There have been around 40,500 bills introduced in Congress since 1999 (the vast majority aren't ever seriously considered, which says a lot about the process). Here's part of the file for the bill passed Sept. 14, 2001, authorizing the President to use military force against terrorists:
<bill session="107" type="sj" number="23"> <titles> <title type="popular">Military Force Authorization resolution</title> <title type="official">A joint resolution to authorize the use of United States Armed Forces against those responsible for the recent attacks launched against the United States.</title> </titles> <sponsor id="300031" /> <actions> <vote date="1000440000" how="roll" roll="281" where="s" /> <vote date="1000520280" how="without objection" where="h" /> <enacted law="107-40" date="1000785600"/> </actions> <subjects> <term name="Defense policy"/> <term name="Air piracy"/> <term name="Armed forces"/> ... </subjects> <summary> Authorizes the President to use all necessary and appropriate force... </summary> </bill>
All of that comes from the official source, except the official source doesn't provide the information in a structured way.
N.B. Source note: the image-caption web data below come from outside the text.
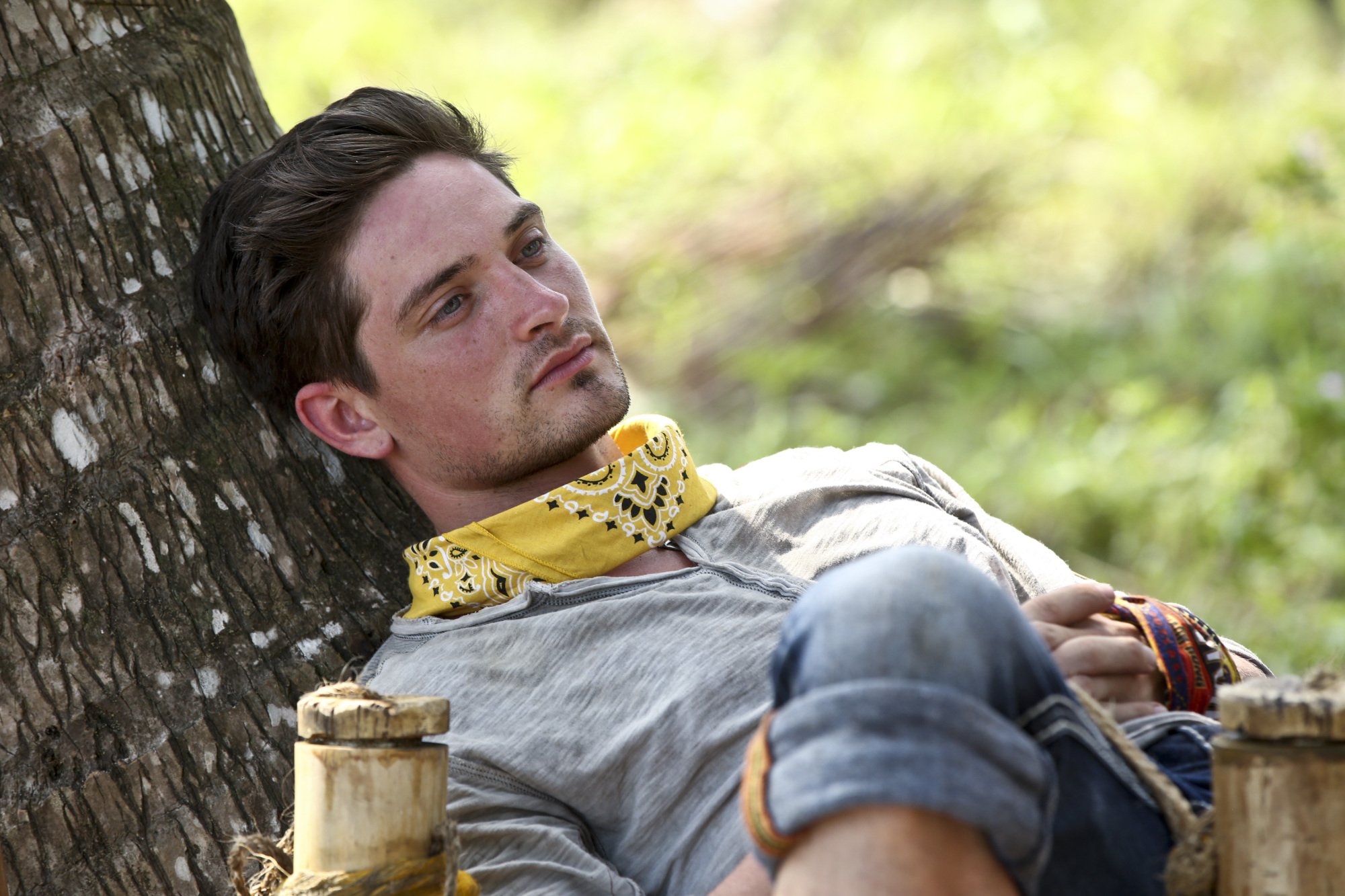 Caleb Reynolds, who starred in 'Survivor' Season 32 on CBS, wears a light gray henley shirt, rolled up jeans, and a yellow bandana around his neck.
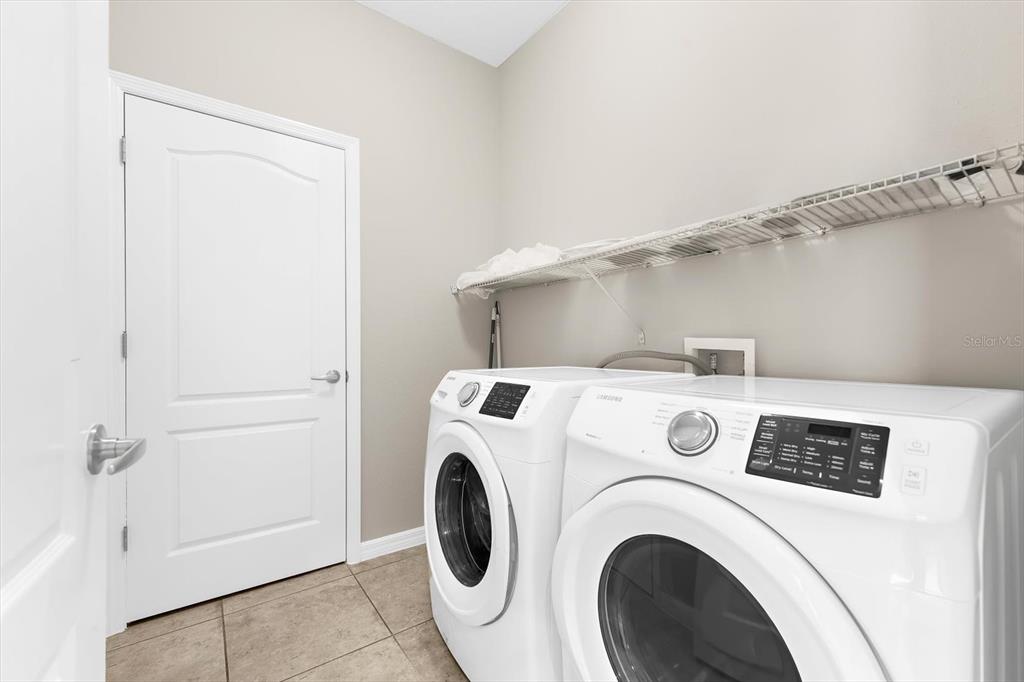 4326 Forest Creek Trail Parrish, FL 34219 - Photo 40 of 73 a utility room with dryer and washer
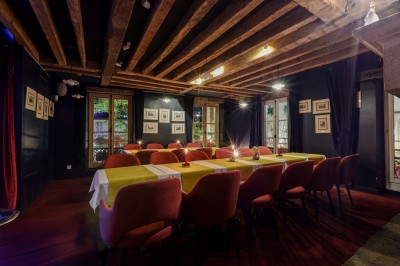 Salle à manger chaleureuse avec poutres apparentes, tables dressées, chaises rouges et cheminée en pierre.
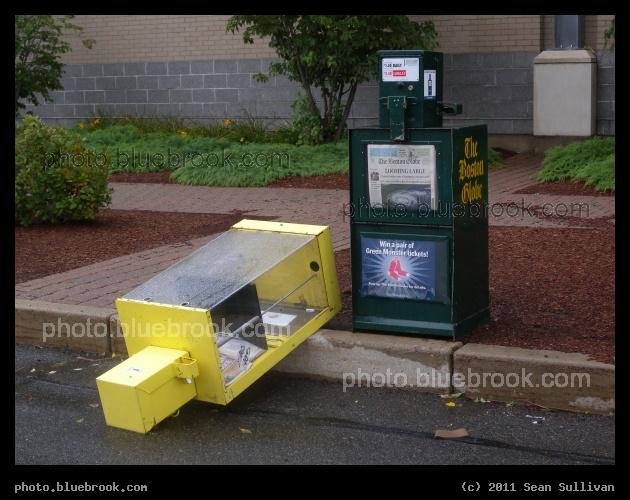 The Fallen - A newspaper rack in Somerville MA blown over during Hurricane Irene, with the surviving rack showing a Boston Globe front-page image of the storm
GovTrack is responsible for parsing dates, turning names into IDs, picking out the list of actions, and so on. GovTrack also fetches voting records and other documents and puts them into XML. (By the way, if you want to play with the data, all of the XML files that power GovTrack are made available to be freely reused.)
XML has been good for the job, but when you put lots of XML files together, you don't immediately get something special out of it — code has to be written. And so GovTrack has a way to browse bills by the subject terms assigned to the bills.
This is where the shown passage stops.